Linda Tavaszi, Ph.D, is so passionate about the work that gets done at Marin Community Clinics (MCC) that she was lured out of retirement to join the organization as CEO in 2011. Tavaszi, a former New York City social worker who spent her career in the health care industry working with hospitals, including Marin General, Kentfield Rehabilitation & Specialty Hospital and UCSF Medical Center, says she’s always been as an advocate for CHCs. With MCC’s four full-service clinics, two administrative office sites and two teen centers offering clinic services, there’s no doubt her wide berth of experience is fully utilized.
 
Forty years ago, MCC was started in two church basements in Marin County. Years later, Marin General Hospital wanted to ensure patients were being seen at an appropriate level of care (rather than taxing the emergency room system), so a clinic was established in a previously unused structure on hospital grounds in 1990. It was also in the early 1990s that MCC became a Federally Qualified Health Care Center (FQHC). The new classification meant additional regulations, but it also brought much-needed funding to the center as it continued to grow to meet the increasing demands of the county. Today, one clinic is located in Novato, another in Greenbrae, and two are in San Rafael.
 
In 2009, MCC was able to start providing much needed dental care at its clinics in Novato and San Rafael. “It’s been shocking to discover how much unmet dental work exists in such an affluent community,” says Tavaszi. The funds to provide the two dental clinics, including treatment of adult patients who are uncovered by any insurance or aid program, were fueled by the philanthropic community that raised almost $12 million, largely from individuals, with additional support coming from Sutter (through the Marin Community Foundation) and the county of Marin.
 
In 2008, MCC saw about 14,000 people. Today, it’s serving 32,000 unduplicated patients annually.
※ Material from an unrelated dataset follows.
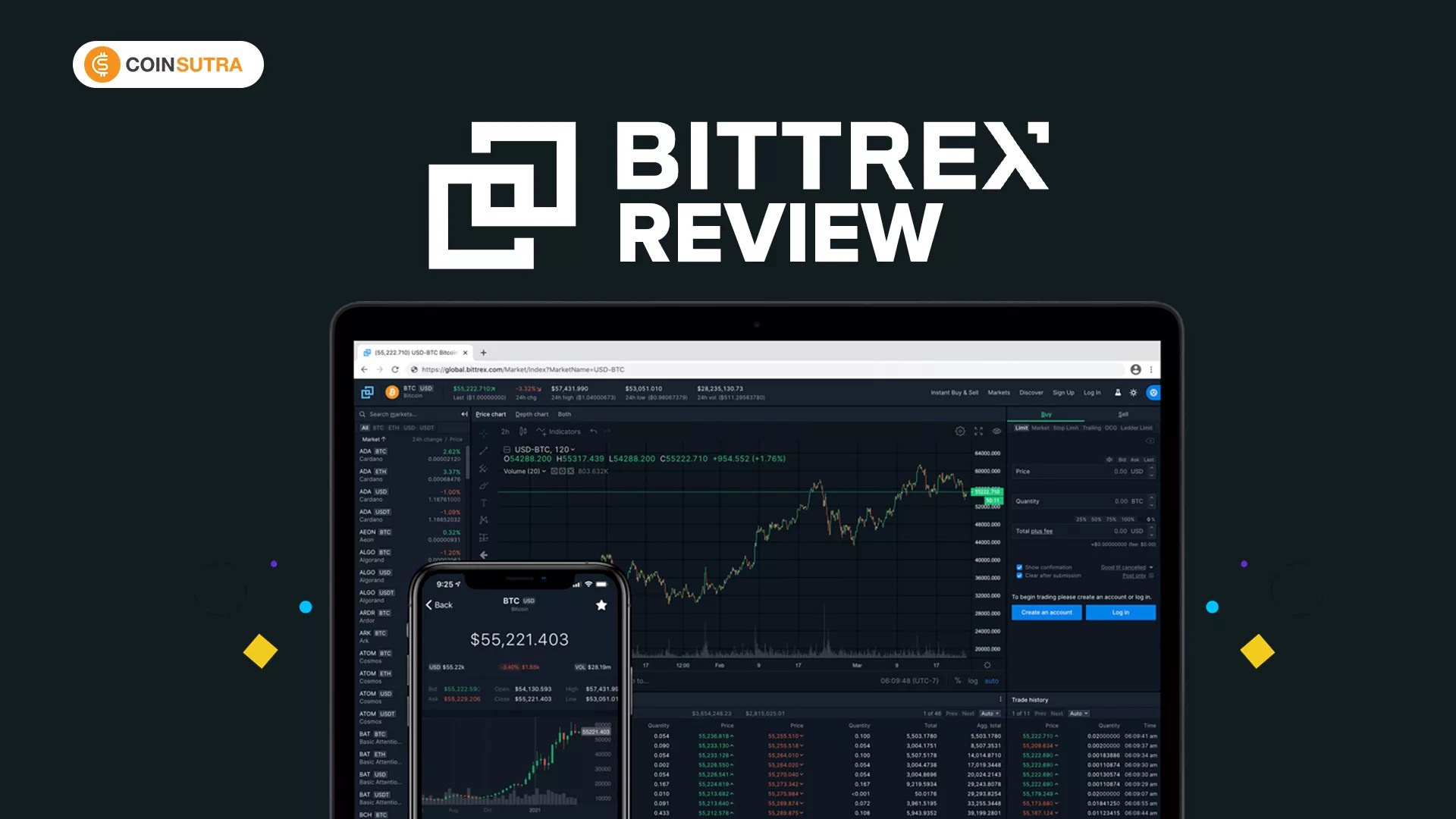 BTC, ETH Rise Over 50% YTD, Bittrex Exits US; cryptolog.fun Makes Buzz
A client’s income must be less than 200 percent of the Federal poverty level guidelines to qualify for MCC’s sliding scale fees. If they earn more, they can still use the services, but they’d have to pay the full fee. In 2012, a family of four earning $47,100 annually would fall right at 200 percent of the poverty level. Which disputes the fact that there’s nothing but money in Marin. The majority of medically insured people have insurance as a result of being employed, and when the downturn in the economy happened, it significantly impacted the amount of people who needed MCC services, bringing many new people to the clinics. Even after becoming employed again, many patients who still qualify financially for CHC services have continued to choose MCC as their medical home. “There’s a federally mandated focus on providing a medical home for our patients as well as effective preventive care and quality outcomes,” says Tavaszi, who feels the emphasis is in the right place when it comes to serving patients.
 
One thing CHCs offer are a wider range of office hours than traditional providers. This helps them meet the needs of the working poor who often find it difficult to get off to go the doctor or dentist. MCC’s dental clinic is open seven days per week, from early morning to late evening. On Sundays, it only treats patients who don’t need nitrous oxide (many pregnant women are seen on Sundays, since it’s dangerous for them to be exposed to the fumes on regular dental clinic days).
 
CHCs also work closely with their communities including local businesses. MCC is a member of the San Rafael Chamber of Commerce and regularly invites businesses to participate in MCC outreach programs. “Reach Out and Read” is a program where every child who comes to one of the clinics goes home with a book. It’s only possible with financial and volunteer support that’s received from various local businesses. MCC reciprocates by shopping locally for maintenance supplies, using local contractors for building repair and having special events catered by area restaurants and food vendors.
 
MCC has been creative when it comes to finding a way to meet the needs of its patients. “We offer optometry and an in-house pharmacy, and we’ve found ways to get things done that aren’t all about spending money,” says Tavaszi whose organization welcomes residents from the School of Optometry at UC Berkeley to provide patients with eye care. It’s a joint venture between UC Berkeley, County of Marin Department of Health and Human Services and MCC.
 
Tavaszi says that every morning, she stops at a local gas station and always talks to the same woman who works at the counter. On a recent day, Tavaszi had on her name tag and the woman told her what a great job the clinic does taking care of her and her 3-year-old daughter. The woman told Tavaszi she works at the gas station during the day at McDonald’s at night. The CEO was touched by the woman’s story and often thinks about her plight. “Marin has a huge service population and, just to live in the area, many people work two or more jobs and still can’t afford health insurance on top of rent, food and basic living expenses. It’s a privilege to be able to help people like that.”
 

Clinic Ole

Tanir Ami has been working in community health centers and the medical field for more than 20 years. When she first graduated college, she worked as a medical assistant and just kept moving forward, earning an MBA from UC Berkeley and a health services management certificate. She’s a good match for Clinic Ole, an organization that started 41 years ago in a Rutherford storefront and has since expanded to eight locations, including St. Helena, Calistoga and several in the city of Napa, serving more than 25,000 people each year.
 
Ami finds working for a CHC in this day and age exciting but also challenging, since plenty of substantive changes will be taking place in the near future. There’s probably no other provider group that will be as impacted by the provisions of the federal Affordable Care Act (ACA, aka Obamacare) as the Federally Qualified Health Centers (FQHCs), which include all CHCs. The new law looks to reform the insurance market and provides expanded coverage to millions of Americans, many of whom are uninsured today and being served by CHCs. The ACA has a number of new ideas to improve affordability, health status and patient experience. These initiatives include quality incentive programs, payment reform and the promotion of medical homes as well as the earlier federal efforts to facilitate market reform, such as incentives to develop interoperable electronic health records.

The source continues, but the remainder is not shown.